Suonare la propria musica al cospetto di centinaia di migliaia di persone in adorazione, dev’essere già un’esperienza straordinaria, a prescindere dalle innumerevoli volte in cui le grandi Rockstar le hanno vissute. Alcuni concerti, però, rimangono impressi nella memoria degli artisti e degli spettatori più di altri, per i loro momenti più importanti. Ci sono eventi che segnano le persone, a prescindere dal loro status. Non serve avere un’indole troppo sensibile per rimanere colpiti da qualcosa di obiettivamente profondo. Per questo, abbiamo deciso di raccogliere, in questa classifica, alcuni dei momenti più emozionanti della musica Rock dal vivo.

L’ultimo live di Ziggy Stardust

David Bowie portò il Glam Rock a livelli inimmaginabili. La sua, divenne una figura iconica in men che non si dica, attraverso il suo efficacissimo alter ego Ziggy Stardust, cosparso di affascinante mistero. I suoi, erano concerti meravigliosi, in cui arte visiva e musica esplodevano con grande creatività ed emozione. Quando, nell’estate del 1973, Bowie annunciò, davanti ad una folla gremita all’Hammersmith Odeon che, quello, sarebbe stato il suo ultimo concerto, la platea rabbrividì e, il giorno dopo, la notizia invase i tabloid di tutto il mondo. Quello, ovviamente, non sarebbe stato l’ultimo show del Duca Bianco; ciò nonostante, Ziggy Stardust sarebbe partito per sempre alla volta di pianeti lontani.

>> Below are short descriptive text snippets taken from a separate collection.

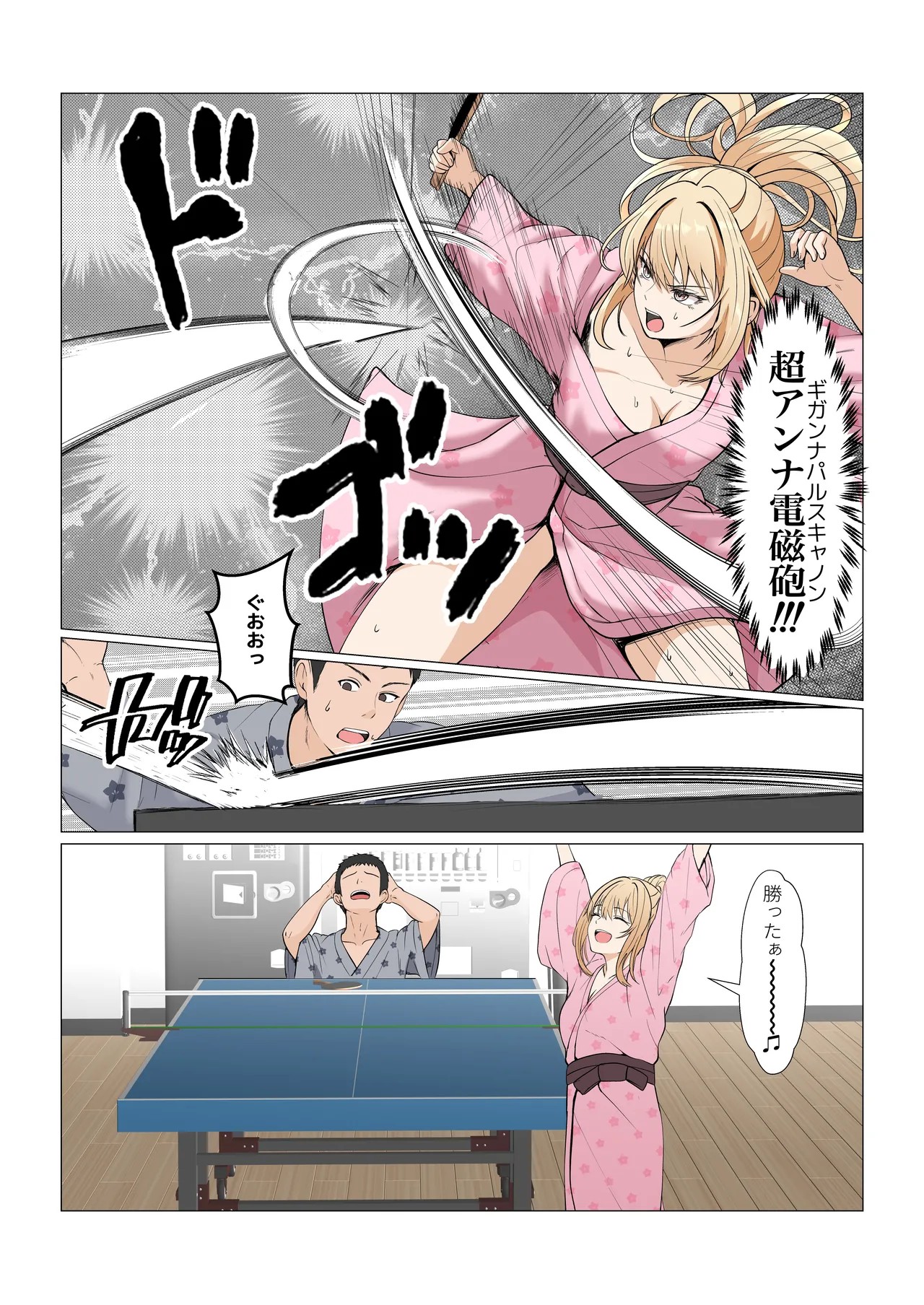 Page 418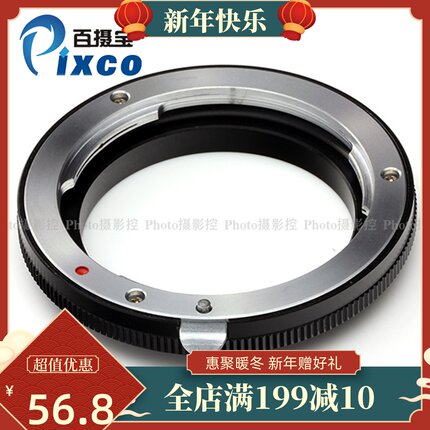 PK-4/3转接环适用宾得 PK镜头转奥林巴斯大4/3旧43机身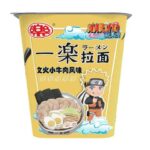 40782 4897095270021 naruto cup ramen beef flavor 90g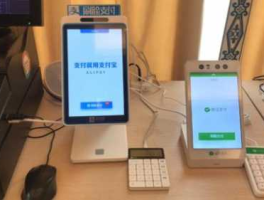 人脸识别概念股 支付宝刷脸概念股有哪些？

Nirvana – Where Did You Sleep Last Night Unplugged

Il Live Unplugged dei Nirvana mostrò al mondo l’indole profondamente emotiva del Grunge. Si trattò di uno spettacolo emozionante, raccolto in un live album, preziosa testimonianza di uno dei momenti live più emozionanti nella storia del Rock. L’evento raggiunse il climax quando Kurt Cobain e la band onorarono la memoria di Lead Belly, reinterpretando Where Did You Sleep Last Night con grande solennità.

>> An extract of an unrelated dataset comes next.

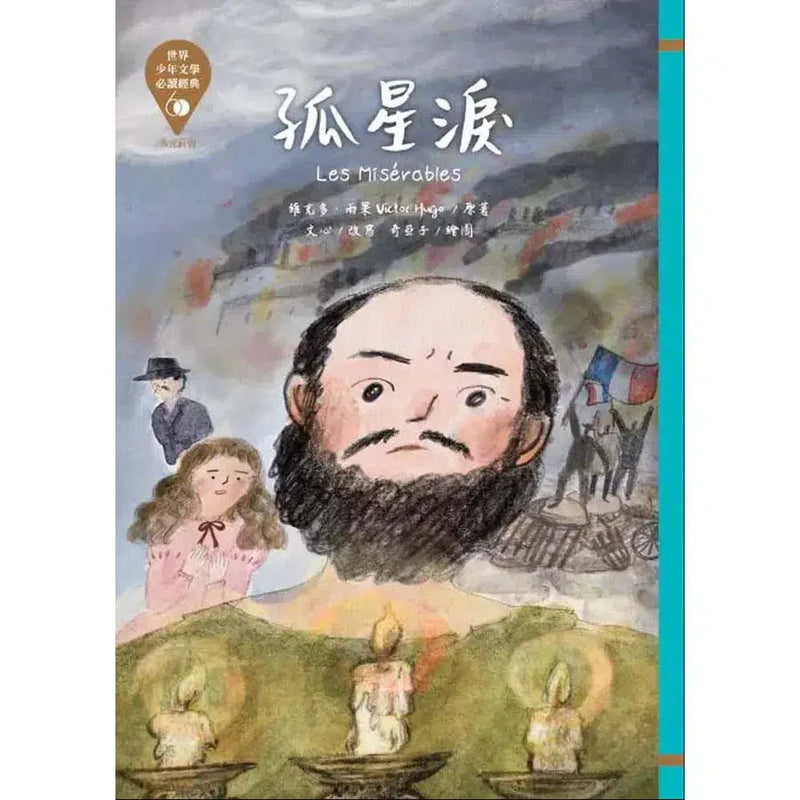 孤星淚 - 世界少年文學必讀經典60 (雨果 Victor Hugo)-故事: 經典傳統 Classic & Traditional-買書書 BuyBookBook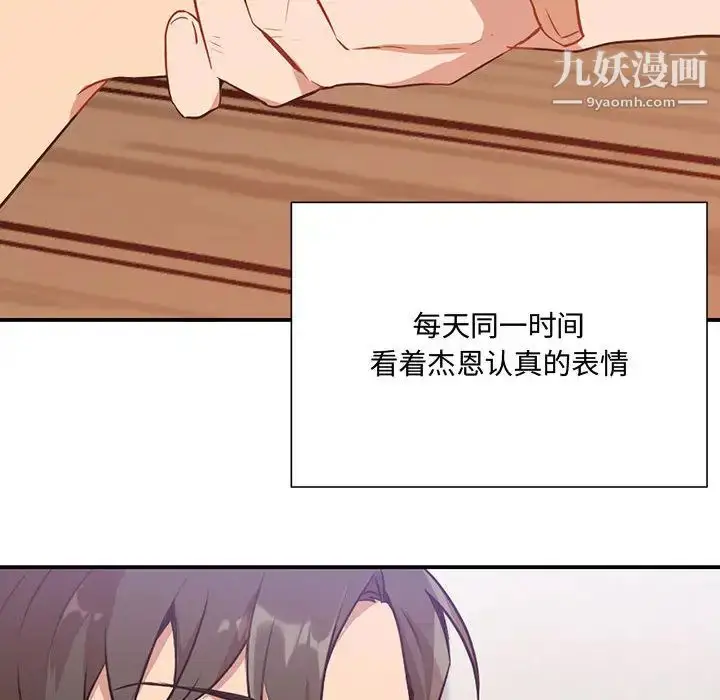 漫画《恋物BL短篇集》第2话第60张图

Corey Taylor – Snuff Live a Baltimora

Poche cose spingono gli artisti a mettersi completamente a nudo davanti al loro pubblico. Il leggendario frontman degli Slipknot, però, ha sempre mostrato la sua straordinaria sensibilità, instaurando veri e propri legami con i milioni di fan che raccoglie in tutto il mondo. I suoi show da solista in acustico sono stati spaccati dettagliatissimi della figura dell’uomo oltre l’artista. Dopo la morte del bassista dei Nove del Nodo e amico di una vita di Taylor, Paul Gray, il primo decise di dedicargli una struggente Heavy Ballad tratta da All Hope Is Gone. Pochissime volte Snuff è stata presentata dal vivo dagli Slipknot, ma Corey decise di farne immediatamente un cavallo di battaglia per i suoi live. A poco tempo dalla morte dell’amico, il musicista suonò a Baltimora, scoppiando in lacrime durante l’esecuzione del brano.

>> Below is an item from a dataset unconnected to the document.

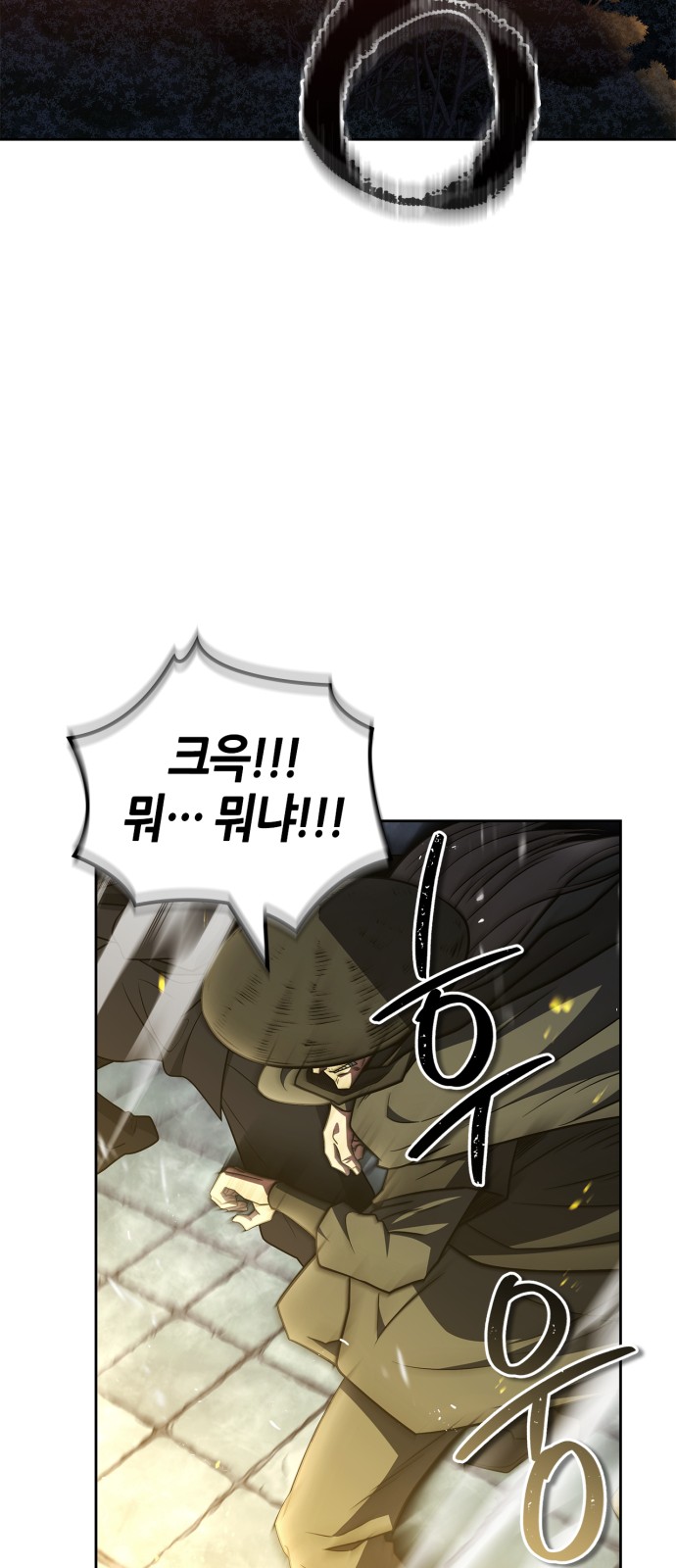 92 페이지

Brian May si esibisce con l’ologramma di Freddie Mercury

Alla morte di Freddie Mercury, il mondo della musica ha perso un suo pezzo fondamentale. Chiunque ha compreso, dopo la sua perdita, che nessuno avrebbe mai potuto rimpiazzarlo. Con il suo carisma sconfinato, Freddie ha rivoluzionato il Rock e non solo, affermandosi come simbolo della cultura contemporanea. Sebbene i Queen abbiano continuato e, continuino a tutt’oggi a tenere alta la memoria del loro frontman, assistiti da cantanti d’eccezione come Adam Lambert, quando la tecnologia olografica permise a Brian May di duettare con l’amico e compagno di band sul palco, il leggendario chitarrista non poté fare altro se non commuoversi e, con lui, una platea di proporzioni oceaniche.